No abundamos aquí sobre la penetración de la radio, la bondad de su señal, o su poder de ubicuidad, porque eso ya se ha dicho. Nadie podrá negar las virtudes de la visualidad televisiva, sólo que esta, a la vez que nos amplía la perspectiva, nos distrae de la idea que se transmite y que supuestamente quiere fijar, con una multitud de elementos sucedáneos.
Alberto Cortés se vestía siempre de negro. Afirmaba el célebre intérprete argentino que de otra forma la gente se distraía de sus canciones.
Un colgante moviéndose, es suficiente para perder el hilo de una conversación, o un rostro hermoso que nos impacta, o “el último grito de la moda” de una camisa o un peinado. ¡Oye, qué vieja está fulana, qué delgado está fulanito!, ¿dé quien será la pintura detrás de la locutora?… y así una infinitud de situaciones nos apartan de la idea transmitida… todo eso, válido sólo para personas videntes, claro está.

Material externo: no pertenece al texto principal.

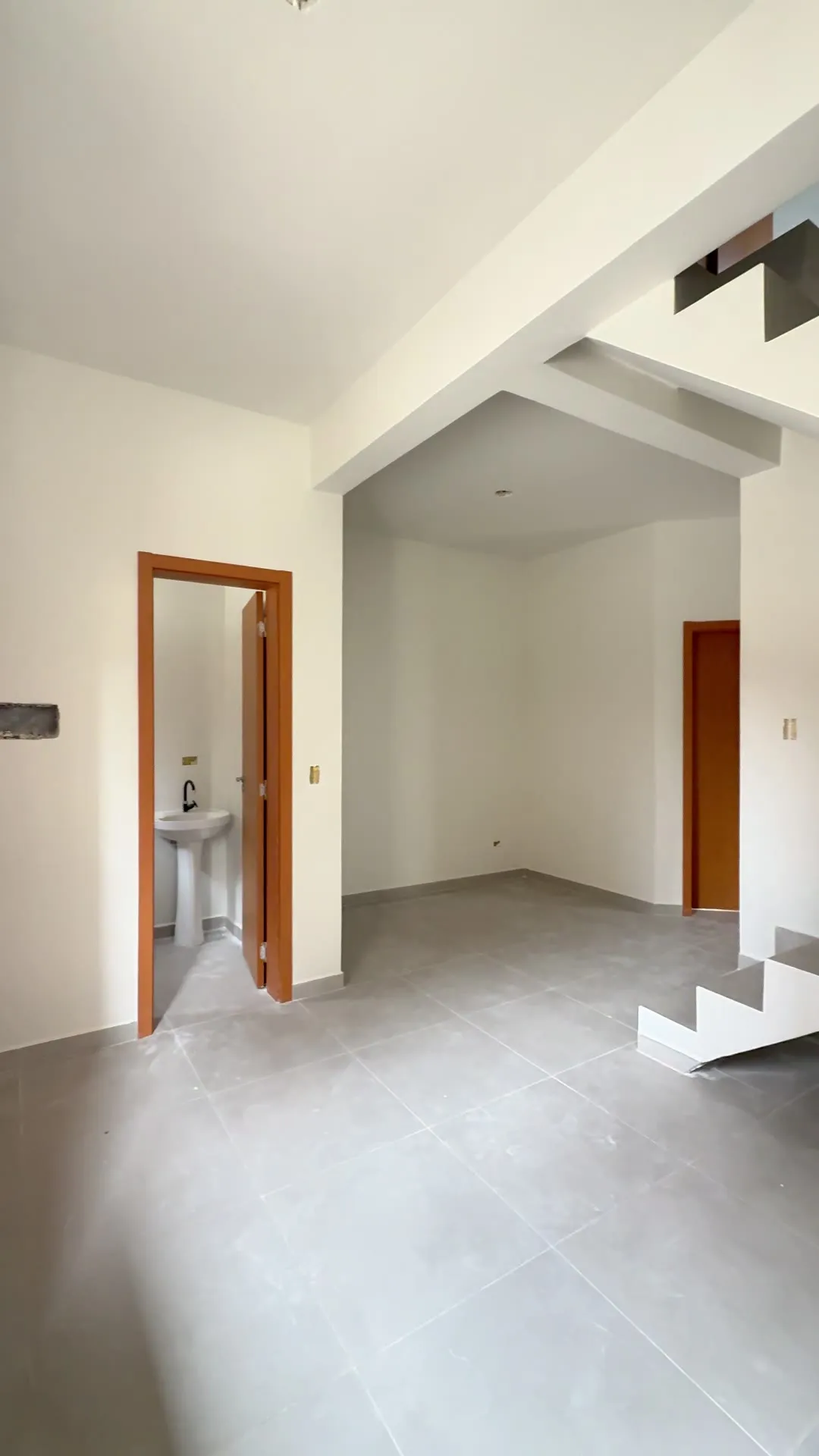 Térreo com vista para o lavabo e a cozinha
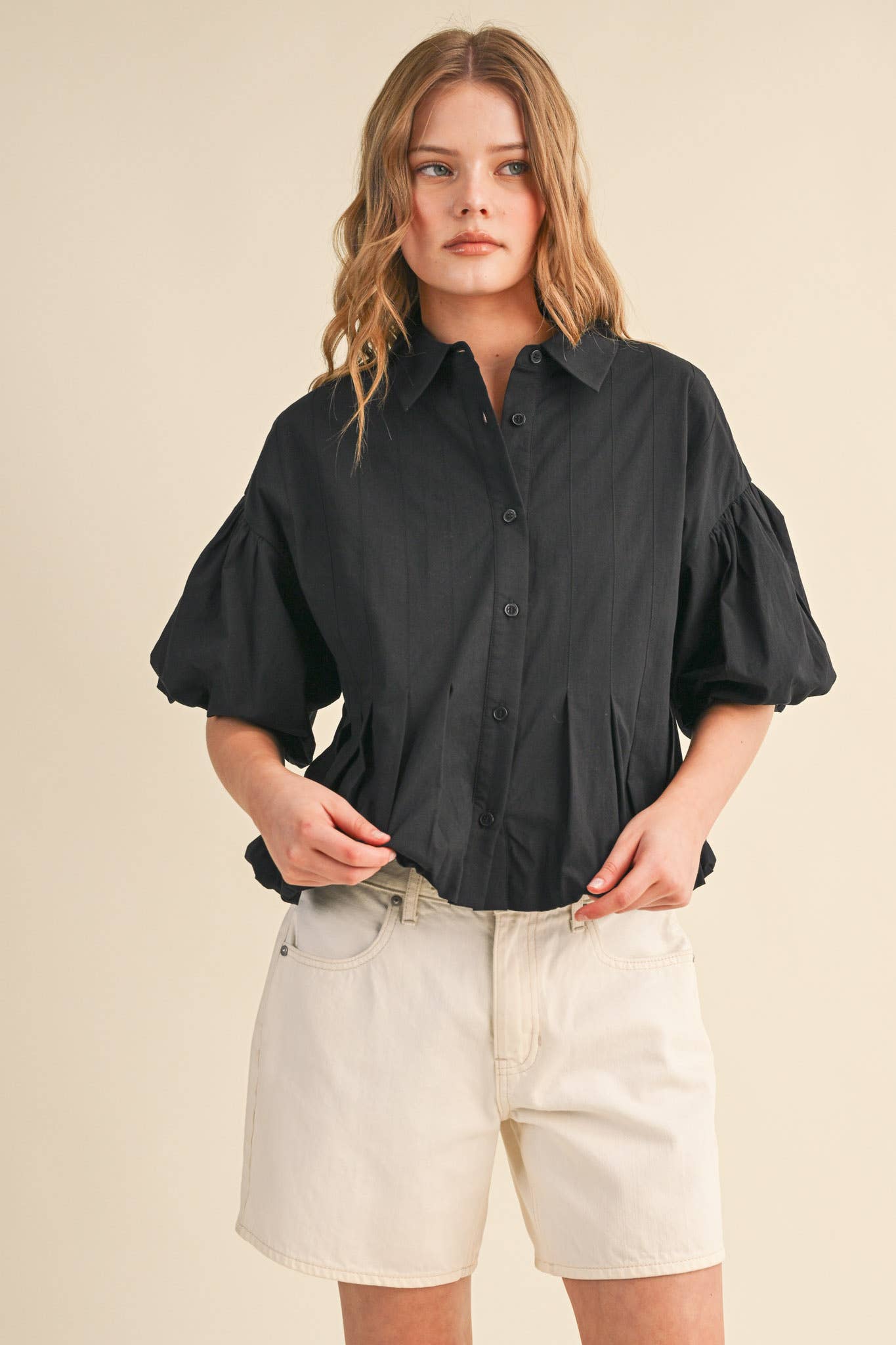 PLEATED BUBBLE HEM BUTTON DOWN TOP MTP4694: BANANA CREAM / S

Un especialista en la oralidad como el colombiano Adolfo Colombres ha precisado que antes de la escritura estuvo la palabra desnuda, cantarina, la palabra ágrafa. La escrituridad montó en su carro a la palabra hablada y la empujó por el mundo.
Lo escrito busca siempre su origen primitivo. Lo escrito es lo hablado sostenido en el papel, lo escrito lleva aquel callado estruendo del que hablara Lezama. ¿Cuántas veces no habremos leído en voz alta los signos trazados por nuestra propia mano o las palabras tecleadas en una pantalla, para detectar algo que anda mal?
Aunque lo escrito tiene “sentido de eternidad” ―ahí están las tablillas mesopotámicas y los papiros egipcios―, unas comillas jamás podrán reflejar la infinitud de matices que acompañan la cadena hablada. No hay signo de admiración o de interrogación, no hay puntos suspensivos que pueden acercarse la euforia, la tristeza, las suspensiones… que una persona dejó entrever en una conversación.
Los signos de puntuación ―no hay que obviarlo― son apenas una convención, un acuerdo social que intenta acercarse al lenguaje hablado. Es sólo la interpretación de un texto escrito, lo que hace que esas letras se levanten. Bien lo saben locutores, conductores, comentaristas, declamadores, maestros de ceremonia, despedidores de duelo y periodistas.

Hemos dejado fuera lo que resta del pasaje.